Roman Aqueduct Malaga

(The way back, incidentally, that first time, before I learnt about the proper way to access the trail, since I was adamant that we would nevermore cross the Roman aqueduct again, in the end the only means we could find to return to civilization required us to, of all things, plunge our feet into the coldest, iciest, shiveringest water you will ever find and cross a watering canal instead. And, you know, this being Spain and not merry ole England and all that, we don’t go for country walks with wellies.

But I preferred frozen shins to broken bones.)

Well, as I was saying. Soon you’ll come to a gate which indicates that that is where the trail begins. You can follow the indications on the sign at the gate. Or you can just angle downwards towards the stream. There’s a path that’s easy to see, before you enter through the gate.

Once you reach the stream, you can have the time of your life. If you’ve got kids they can go mad jumping in the water and trying to build log bridges and whatever else it is that kiddies do in streams.

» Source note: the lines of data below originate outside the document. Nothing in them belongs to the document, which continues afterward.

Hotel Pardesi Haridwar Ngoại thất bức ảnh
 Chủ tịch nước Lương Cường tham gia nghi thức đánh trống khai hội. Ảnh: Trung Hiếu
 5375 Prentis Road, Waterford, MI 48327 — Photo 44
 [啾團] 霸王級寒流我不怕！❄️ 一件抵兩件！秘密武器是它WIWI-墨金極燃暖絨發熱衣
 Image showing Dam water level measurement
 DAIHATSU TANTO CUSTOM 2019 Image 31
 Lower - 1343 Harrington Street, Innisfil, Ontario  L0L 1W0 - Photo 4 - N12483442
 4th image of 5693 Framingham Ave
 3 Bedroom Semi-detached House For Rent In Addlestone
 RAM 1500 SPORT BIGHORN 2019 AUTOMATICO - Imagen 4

Kids Playing in a Stream Malaga Spain

My kids look pretty tame, don’t they?

The first time I went there with the kids that is what they did. But the last time I went, I only managed to drag the eldest, “Ermenegildo”, along. The little one, “Lucrecio”, was convalescent at home.

Convalescent from what, you might be wondering? Well, from his PE teacher’s vain attempt to turn the whole class into parkour ninjas and instead of flying up a wall, Lucrecio crashed down on his ankle instead.

We just followed the stream up a ways as long as the daylight allowed. We’d left home after lunch (we’re not particularly inclined to catching the early worms nor, for that matter, the late worms either, we don’t like worms very much) so that wasn’t a long time.

Even though it was raining (okay sort of raining) it wasn’t the least bit cold. So no raincoats (not that I have any), parkas or anoraks required.

Ermenegildo in the Rainy Forest

We chanced upon a pack of wild dogs so kept a prudent distance from them. Luckily they chose to grapple their way up the mountainside and disappear. Didn’t occur to me to snap a few Polaroids. Dawggonit.

In all reality, the river goes on and on and on, I have no idea how far it reaches but probably too far for anyone except a seasoned hiker (ie. not us) to walk. One day, when we have the whole day free and manage to crawl out of bed before sunset, we might actually decide to tackle it and follow it down a significant length before turning back.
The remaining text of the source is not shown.